The Government seems to prefer regional elections on an STV system whereas Labour favours an open list PR approach. Whilst you may all be swooning at the thought of dusting down the d’hont formulae I’m not certain its obscurantist intricacies are the key to reviving interest in electoral politics. We will explore the chances of change during the passage of the Bill.
It goes without saying that we favour a chamber which is wholly elected rather than the 80% currently on offer from the Government. And that of course raises the question of the Bishops an their presence in the House which ought to be debated too.
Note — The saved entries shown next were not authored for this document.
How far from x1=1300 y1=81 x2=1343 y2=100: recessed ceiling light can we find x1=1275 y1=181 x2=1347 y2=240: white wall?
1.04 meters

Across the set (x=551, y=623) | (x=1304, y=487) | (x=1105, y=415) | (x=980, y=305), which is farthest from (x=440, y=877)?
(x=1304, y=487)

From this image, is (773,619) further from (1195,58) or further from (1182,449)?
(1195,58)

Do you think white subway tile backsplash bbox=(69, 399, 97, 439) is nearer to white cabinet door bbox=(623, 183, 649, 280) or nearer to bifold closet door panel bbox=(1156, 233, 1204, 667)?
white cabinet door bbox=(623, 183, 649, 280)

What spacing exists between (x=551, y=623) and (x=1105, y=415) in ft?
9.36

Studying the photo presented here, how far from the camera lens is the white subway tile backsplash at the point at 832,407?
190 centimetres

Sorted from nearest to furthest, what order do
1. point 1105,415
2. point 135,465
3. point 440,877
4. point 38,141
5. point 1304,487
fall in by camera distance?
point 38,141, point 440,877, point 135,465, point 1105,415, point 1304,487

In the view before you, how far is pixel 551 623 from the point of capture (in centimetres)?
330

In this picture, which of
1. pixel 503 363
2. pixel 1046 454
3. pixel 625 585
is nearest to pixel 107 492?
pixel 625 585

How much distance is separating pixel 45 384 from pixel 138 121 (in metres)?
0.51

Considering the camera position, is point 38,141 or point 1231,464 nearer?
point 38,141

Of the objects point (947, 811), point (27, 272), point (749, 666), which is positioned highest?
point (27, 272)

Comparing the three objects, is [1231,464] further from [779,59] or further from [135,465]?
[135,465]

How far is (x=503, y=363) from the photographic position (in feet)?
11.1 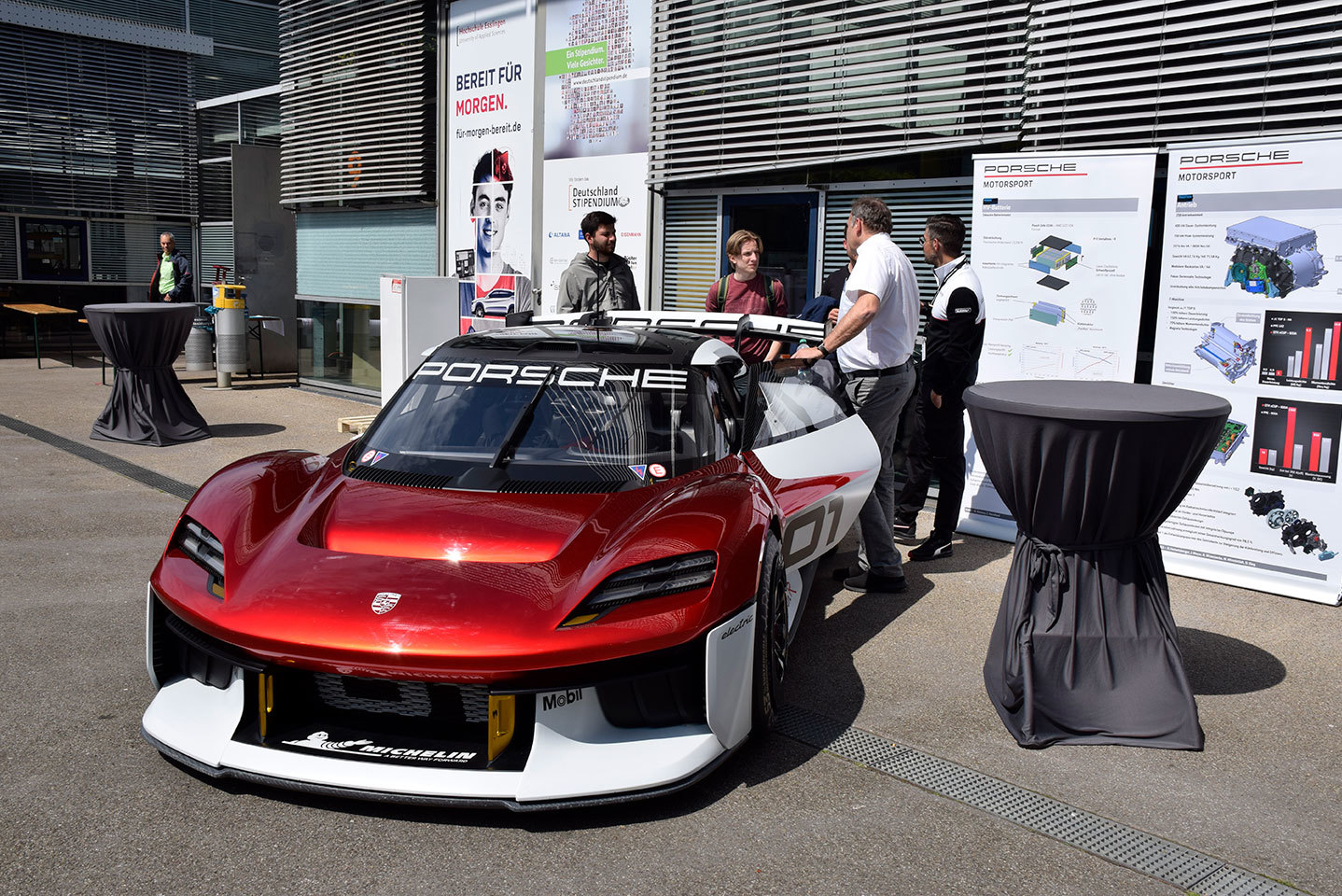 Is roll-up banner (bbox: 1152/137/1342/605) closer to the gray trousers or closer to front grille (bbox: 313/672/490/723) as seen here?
the gray trousers

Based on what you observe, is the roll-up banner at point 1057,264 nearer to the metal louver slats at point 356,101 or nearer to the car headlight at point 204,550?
the car headlight at point 204,550

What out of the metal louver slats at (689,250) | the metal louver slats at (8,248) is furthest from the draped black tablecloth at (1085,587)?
the metal louver slats at (8,248)

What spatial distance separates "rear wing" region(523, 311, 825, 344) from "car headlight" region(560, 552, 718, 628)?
184 cm

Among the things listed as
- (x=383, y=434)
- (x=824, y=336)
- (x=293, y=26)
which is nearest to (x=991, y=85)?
(x=824, y=336)

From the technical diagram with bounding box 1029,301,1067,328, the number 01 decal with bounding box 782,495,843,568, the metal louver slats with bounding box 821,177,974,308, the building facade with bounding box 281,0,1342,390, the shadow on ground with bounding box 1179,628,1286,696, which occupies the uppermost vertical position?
the building facade with bounding box 281,0,1342,390

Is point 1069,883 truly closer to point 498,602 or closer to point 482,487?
point 498,602

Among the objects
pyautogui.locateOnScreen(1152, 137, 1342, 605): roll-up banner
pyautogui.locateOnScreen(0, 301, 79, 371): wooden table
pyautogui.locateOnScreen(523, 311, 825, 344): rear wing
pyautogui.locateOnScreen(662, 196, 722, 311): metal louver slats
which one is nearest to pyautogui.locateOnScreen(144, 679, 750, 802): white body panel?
pyautogui.locateOnScreen(523, 311, 825, 344): rear wing

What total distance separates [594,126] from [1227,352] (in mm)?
6221

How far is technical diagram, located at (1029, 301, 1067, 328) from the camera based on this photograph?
21.3 ft

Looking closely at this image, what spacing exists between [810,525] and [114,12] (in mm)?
19131

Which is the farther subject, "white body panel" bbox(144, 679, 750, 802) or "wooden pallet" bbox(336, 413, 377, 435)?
"wooden pallet" bbox(336, 413, 377, 435)

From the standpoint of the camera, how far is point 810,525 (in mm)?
4586

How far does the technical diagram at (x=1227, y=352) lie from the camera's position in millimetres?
5879

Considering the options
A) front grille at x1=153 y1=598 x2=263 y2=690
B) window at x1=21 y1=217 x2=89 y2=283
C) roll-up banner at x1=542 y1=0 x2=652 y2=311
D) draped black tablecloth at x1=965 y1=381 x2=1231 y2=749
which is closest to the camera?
front grille at x1=153 y1=598 x2=263 y2=690
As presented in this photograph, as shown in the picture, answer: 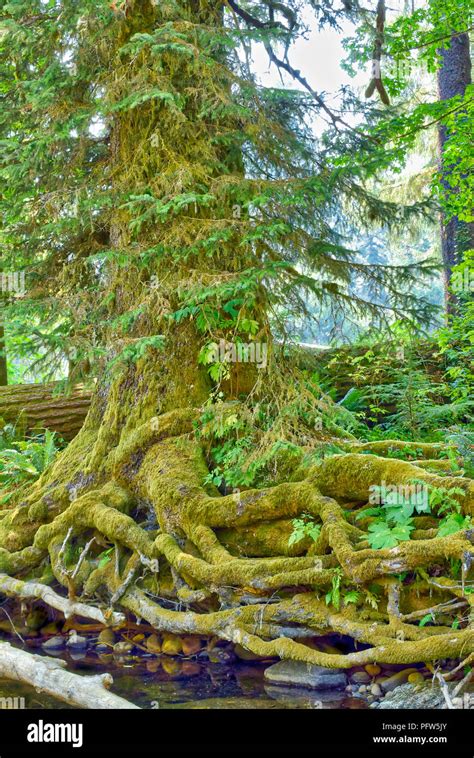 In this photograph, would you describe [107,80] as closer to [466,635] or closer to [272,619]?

I might just say that election is an absolute key democratic principle to be gained by reform but what kind of mandate does a fifteen year term really give to a new member of the second chamber? How legitimate is it when it extends so far past the fixed five year terms in the Commons?
I am also surprised by the government’s timetable for Lords reform. Given that over the last 100 years the only reform to the House or Lords was the last Labour government removal of hereditary peers (Which the Conservatives voted against) you might ask what the harm is in waiting another 12 years for the reforms to be fully implemented? But if the government’s timetable is adhered to, a child beginning their primary school education at 5 this year when they first vote at 18, will be voting in the first election when there is a wholly reformed House of Lords. This reform is currently scheduled to take almost as long as High Speed two to become a reality. If a democratic Lords is a good thing in 2025 might it not be a good thing a little sooner than that?
Lords reform is not enough
For me, Lords reform is long long overdue but, as I said in my opening remarks I do not believe that it will address the political crisis we face. I would not underplay the profound impact that big constitutional change has on the way we do government.
The last Labour government’s decision to devolve power to Wales, Scotland, Northern Ireland and directly elected mayors, most notably in London, has had a profound, and beneficial impact, on the way we do governance in the UK.
Nor do I think moving to the alternative vote in the Commons, which I voted for and still support, would necessarily resolve the challenge our democratic system faces. The crisis is not about process it is about outcome. Turnout in elections across the United Kingdom does not seem to indicate that one particular voting system is more successful than any other at getting people to vote. The malaise is more profound.
Voter turnout has sunk depressingly low. The proportion of young people voting has also been in decline. The challenge we face is how to deal with this.
But are people today less political? We make a mistake to think participation in elections is a measure of how much people care about politics. People do care. They simply don’t think the political process, if it impinges on their consciousness at all, offers them a solution.
So While Lords reform is unfinished business and business we must get on with, it is only a small part of the answer to the more profound problems we face.